Weak convergence of Galerkin approximations for fractional elliptic stochastic PDEs with spatial white noise

TL;DR

This paper analyzes the weak convergence of Galerkin finite element methods for fractional elliptic stochastic PDEs driven by spatial white noise, providing explicit convergence rates and validating results through numerical experiments.

Contribution

It introduces a novel analysis of weak error convergence rates for Galerkin approximations of fractional elliptic SPDEs with white noise, including explicit error bounds.

Findings

Weak convergence rate is explicitly derived for the approximation.

The stochastic component's convergence rate is doubled compared to the strong rate.
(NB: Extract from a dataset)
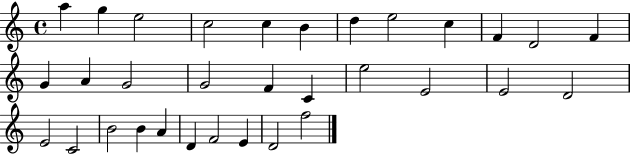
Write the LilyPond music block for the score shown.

Numerical experiments confirm the theoretical convergence rates.

Abstract

The numerical approximation of the solution to a stochastic partial differential equation with additive spatial white noise on a bounded domain is considered. The differential operator is assumed to be a fractional power of an integer order elliptic differential operator. The solution is approximated by means of a finite element discretization in space and a quadrature approximation of an integral representation of the fractional inverse from the Dunford-Taylor calculus. For the resulting approximation, a concise analysis of the weak error is performed. Specifically, for the class of twice continuously Fr\'echet differentiable functionals with second derivatives of polynomial growth, an explicit rate of weak convergence is derived, and it is shown that the component of the convergence rate stemming from the stochasticity is doubled compared to the corresponding strong rate. Numerical experiments for different functionals validate the theoretical results.